Perigee Full Moon blamed for rough waters off Trinidad and Tobago

Still looking for a more interesting take for those for whom January's Full Moon at Perigee is delightful but hardly news word has arrived from Dr. Maura Imbert, president of the Astronomical Society of Trinidad and Tobago.

From The Trinidad News:
Expert blames full moon for rough waters

As the moon moved to its closest point to the earth over the weekend, higher-than-usual tides were experienced, Dr Maura Imbert, president of the Astronomical Society of Trinidad and Tobago, said yesterday.

In a brief telephone interview, Imbert said:

"As the moon makes its orbit, there is a point when it comes its closest to the earth; this is called perigee."

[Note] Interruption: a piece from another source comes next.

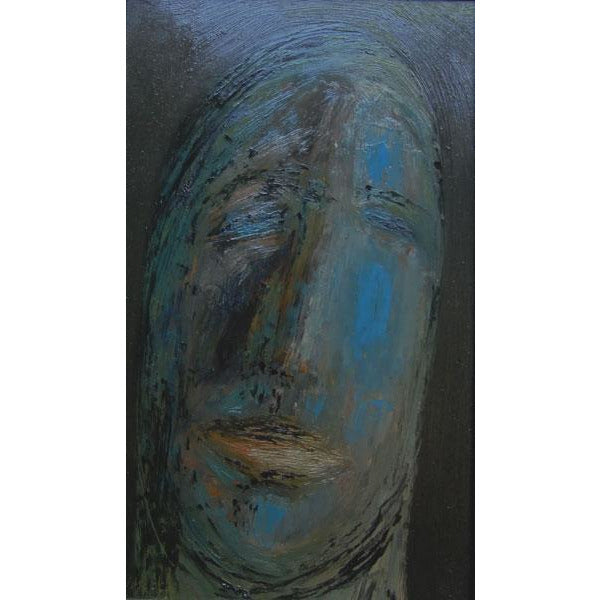 Blue Head 1963 Oil Painting by Jack Simcock | Original Art by Jack Simcock | Barewall Art Gallery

"On January 11, the moon was at its closest to the earth; but what I think is important to know is that it causes very high tides. Extremely high tides were expected between yesterday, today and probably tomorrow."

Imbert said those out at sea should take precautionary measures, as should beach goers, as the tide is also expected to come very high up the beach during this time.

All of this, she explained, is due to gravity.

"The tides are pulled by the gravity of the moon and the sun; so when the moon is closest to the earth the tides are a lot higher."

This, she said, can also cause coastal flooding if accompanied by high winds and can even trigger earthquakes and volcanoes.

Imbert added that the tides are not expected to be as high again until June and July 22, when the moon will once again come very close to the earth.